Page 1 of 1

Adding rows to a single column

Posted: Mon Oct 18, 2010 11:48 am
by swadeep
Hi I have a scenario below, plz help me with the solution.

Input
-------
Key Add

1 3456 ABC lane
1 Apt 544
1 Charlotte NC
1 28217
2 101 ABC lane
2 Apt 467
2 Dallas Texas
2 75252

Output
-----------
Key Add

1 3456 ABC lane, Apt 544, Charlotte NC, 28217
2 101 ABC lane, Apt 467, Dallas Texas, 75252

Thanks in Advance

Posted: Mon Oct 18, 2010 12:29 pm
by anbu
Use stage variables

Code: Select all

PrevKey = CurrKey
CurrKey = Key
CurrData = If PrevKey = CurrKey then PrevData : Data else Data
PrevData = CurrData
Use Remove Duplicates to retain the row which has longest Data.

Also you should run this job in 1 node.

Posted: Mon Oct 18, 2010 1:50 pm
by jcthornton
With the definition of the input given, I hope the correct order is guaranteed on the input, otherwise the addresses could get a bit jumbled.

On a second note, is there a reason for recommending just one node? It should work just fine as long as your partitioning (I would probably use Hash partitioning on just the Key field) keeps all rows with the same key together.

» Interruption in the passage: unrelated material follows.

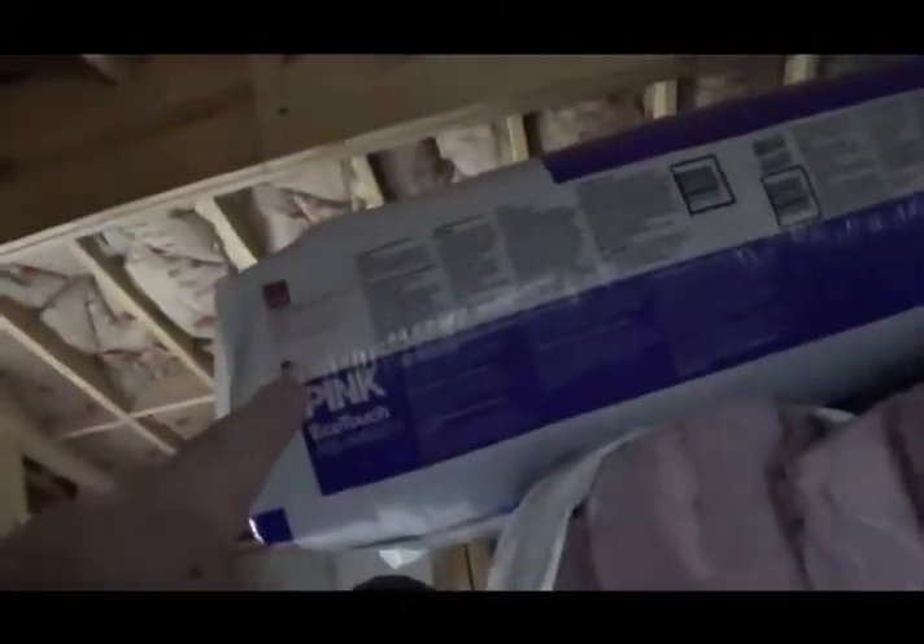So with all the ceiling insulation in, this gable is mostly insulated — a little bit there, a little bit there — and then it will be insulated. The first layer of insulation is in; it still needs a second layer.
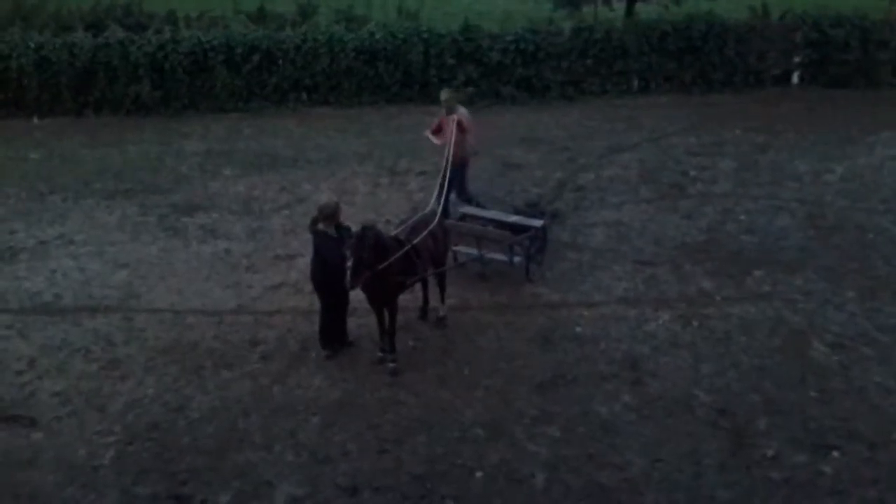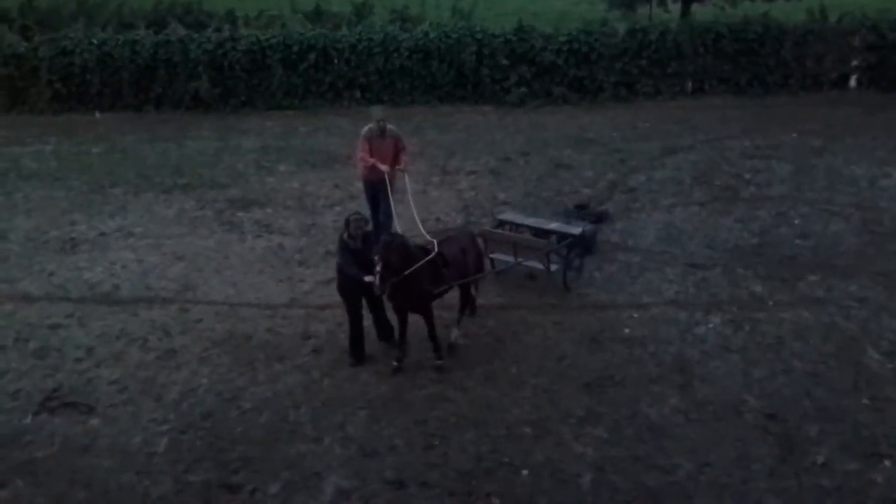Good. Good boy. All right. You're doing great. You're doing very good. Okay, and walk on. Good boy.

Posted: Tue Oct 19, 2010 10:44 am
by swadeep
Thank you very muck. It works.

Posted: Wed Oct 20, 2010 12:12 am
by ravireddy25
anbu wrote:Use stage variables

Code: Select all

PrevKey = CurrKey
CurrKey = Key
CurrData = If PrevKey = CurrKey then PrevData : Data else Data
PrevData = CurrData
Use Remove Duplicates to retain the row which has longest Data.

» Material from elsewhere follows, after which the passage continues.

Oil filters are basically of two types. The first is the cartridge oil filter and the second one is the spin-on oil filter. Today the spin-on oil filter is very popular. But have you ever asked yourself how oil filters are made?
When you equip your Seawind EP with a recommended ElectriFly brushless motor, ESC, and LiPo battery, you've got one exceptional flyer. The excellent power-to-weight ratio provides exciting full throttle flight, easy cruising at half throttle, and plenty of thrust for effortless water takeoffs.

Also you should run this job in 1 node.
HI,
I have one doubt like we can remove duplilcates based on key but how to retreive the row which has longest data.
Thanks In Advance

Posted: Wed Oct 20, 2010 12:18 am
by ray.wurlod
Use Len() functions to compare lengths.

Posted: Wed Oct 20, 2010 12:49 am
by ravireddy25
ray.wurlod wrote:Use Len() functions to compare lengths. ...
Hi,
sorry to ask again, i can use Len function but if we have data like

key data length
1 ------ 5
1 --------- 7
1 ----------- 8
2 ---------- 6
2 ------------ 7
2 -------------- 8

and my output should be like
key data length
1 ------------------ 8
2 ------------------ 8

How we can achieve this?

Posted: Wed Oct 20, 2010 1:03 am
by ray.wurlod
Generate a column containing the length and aggregate preserving MAX.

Posted: Wed Oct 20, 2010 1:34 am
by ravireddy25
ray.wurlod wrote:Generate a column containing the length and aggregate preserving MAX. ...
Hi,
Got it Thanks :)